The number of rows for each type is always the consistent within HAVE, although it may not always be 5; it could be 10, or 100. Hence the desire for a dynamic (not hard-coded) solution.

 

One approach is to split HAVE by type into intermediate datasets (i.e., all the type = "a" data, all the type = "b" data, etc.), transpose each of these, then join them all together by id.

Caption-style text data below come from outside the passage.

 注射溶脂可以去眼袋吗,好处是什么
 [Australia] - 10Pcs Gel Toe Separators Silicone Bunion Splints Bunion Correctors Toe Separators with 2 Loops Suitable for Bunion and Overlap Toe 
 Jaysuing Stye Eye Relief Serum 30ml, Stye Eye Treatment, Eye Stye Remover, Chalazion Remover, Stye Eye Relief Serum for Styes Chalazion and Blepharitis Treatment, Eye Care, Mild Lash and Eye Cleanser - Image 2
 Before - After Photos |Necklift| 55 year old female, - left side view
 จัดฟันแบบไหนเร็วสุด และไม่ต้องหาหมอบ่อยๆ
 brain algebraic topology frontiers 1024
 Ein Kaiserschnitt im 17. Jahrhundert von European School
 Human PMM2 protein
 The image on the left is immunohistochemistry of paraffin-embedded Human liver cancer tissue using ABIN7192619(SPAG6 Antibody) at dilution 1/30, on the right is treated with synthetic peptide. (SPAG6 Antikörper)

But I'm wondering if there is a simpler way that doesn't require numerous intermediate datasets and joins. (For the PROC TRANSPOSE pros: Can this all be done with a single PROC TRANSPOSE statement?)

 

Here is the starting data:

data have;
    input type $ id amt;
    datalines;
a 1 99
a 2 98
a 3 97
a 4 96
a 5 95
b 2 94
b 3 93
b 4 92
b 5 91
b 6 90
c 3 89
c 4 88
c 5 87
c 6 86
c 7 85
d 4 84
d 5 83
d 6 82
d 7 81
d 8 80
    ;
run;

This is the desired output:

data want;
    input id a b c d;
    datalines;
1 99 .  .  .
2 98 94 .  .
3 97 93 89 .
4 96 92 88 84
5 95 91 87 83
6 .  90 86 82
7 .  .  85 81
8 .  .  .  80
    ;
run;

 


 

mklangley
Lapis Lazuli | Level 10
This works, too. Thank you!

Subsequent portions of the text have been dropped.